The deal is believed to be worth around £100m initially but with the potential for a further funds in exchange for more equity, will likely to see the American firm take a 25 per cent stake in the club through a preferential share structure, as well as providing a boardroom shake-up with two new faces of their own.
How much Everton are actually worth has been up for discussion, but a £100m deal for 25 per cent would suggest a £400m valuation on the football club. But Forbes’ valuation puts the Blues 25th out of 30 with a value of $744m (£597m). That would be a multiple of revenue of around three.
Of the 30 clubs featured in the 2023 Forbes list, Everton have seen the biggest decline in valuation year on year, down 21 per cent on its 2022 figure. They are one of only three clubs in the top 30 to have seen a valuation decline, the others being the crisis-hit Juventus and relegated Leicester City, who recorded declines of 12 per cent and 16 per cent, respectively.

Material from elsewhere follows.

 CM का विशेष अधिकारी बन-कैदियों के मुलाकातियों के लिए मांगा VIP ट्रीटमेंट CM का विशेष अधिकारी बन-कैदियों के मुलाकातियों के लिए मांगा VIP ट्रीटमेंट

Aston Villa, Leicester, Newcastle United, Crystal Palace and West Ham United are the other English clubs to be ahead of Everton in the valuations, while the rising popularity of America’s MLS can be seen by the Blues being behind four MLS franchises: New York City FC, LA Galaxy, Atlanta United and LAFC.
For the methodology, Forbes calculated team values are enterprise values (equity plus net debt) and include the economics of the team’s stadium (but exclude the value of the real estate itself), based on comparable transactions. Sources included the teams’ annual reports and documents, team executives and investors, credit rating agency reports, sports bankers and the annual Deloitte Football Money League report.